Northwest Passage
- Author: Matthew James, based on the song by Stan Rogers
- Illustrator: Matthew James
- Cover artist: Michael Solomon
- Language: English
- Subject: Northwest Passage song
- Genre: Sea story
- Published: 2013 Groundwood Books
- Publication place: Canada
- Media type: Children's picture book
- Pages: 50
- ISBN: 978-1-55498-153-3

= Northwest Passage (children's book) =

2013 picture book by Matthew James

Northwest Passage is a book based upon the famous Canadian song "Northwest Passage". The song is a story of a man's travel through the arctic of Canada while following famed explorers like Alexander Mackenzie, David Thompson, John Franklin, and Henry Kelsey. The book is written and narrated by Matthew James, who is a Canadian musician, illustrator, and author and has been nominated for, and won, the Governor General's Award for children's literature. The book is full of unique illustrations, also done by Matt James, showing the story as it is mentioned in the song. It also includes a timeline of Canadian exploration, miniature biographies on explorers of the Northwest Passage, and portraits of major explorers.

==Plot==
A book based on the well-known song "Northwest Passage" first sung by Stan Rogers in 1981, Northwest Passage tells a tale about the song and the facts behind it. The basis of the song and story is the fateful sea voyage made by John Franklin in 1845, which led to both his ships and his entire crew, as well as his life being lost.

===Song===
The song the book is based on, "Northwest Passage", includes many lyrics, including the chorus - based greatly of John Franklin's expedition - and a final verse that was never recorded. The song is considered one of the best Canadian songs ever, and the fourth best Canadian song of 2005.

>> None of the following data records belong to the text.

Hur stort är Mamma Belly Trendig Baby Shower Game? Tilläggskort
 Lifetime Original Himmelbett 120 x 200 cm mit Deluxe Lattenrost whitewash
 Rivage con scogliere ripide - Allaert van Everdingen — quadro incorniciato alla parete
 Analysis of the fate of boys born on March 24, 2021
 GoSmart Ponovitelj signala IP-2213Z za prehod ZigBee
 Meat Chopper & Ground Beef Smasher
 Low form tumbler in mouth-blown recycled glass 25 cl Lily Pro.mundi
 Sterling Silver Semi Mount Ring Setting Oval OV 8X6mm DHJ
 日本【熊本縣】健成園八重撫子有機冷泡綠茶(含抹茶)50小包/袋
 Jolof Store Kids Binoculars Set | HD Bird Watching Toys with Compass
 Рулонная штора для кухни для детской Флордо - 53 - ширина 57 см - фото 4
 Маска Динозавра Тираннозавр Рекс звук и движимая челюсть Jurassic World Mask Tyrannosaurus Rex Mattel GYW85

The chorus of the song is:

 Ah for just one time I would take the Northwest Passage,
 To find the hand of Franklin reaching for the Beaufort Sea,
 Tracing one warm line through a land so wild and savage,
 And make a Northwest Passage to the sea.

===Narration===
The narration, done by Matt James, focuses on the fateful story, and facts about, John Franklin's disastrous journey. Matt James tells facts and details about the song. The narration includes a well-described story of the mystery surrounding the disappearance of John Franklin, who is described as brave, but not brilliant.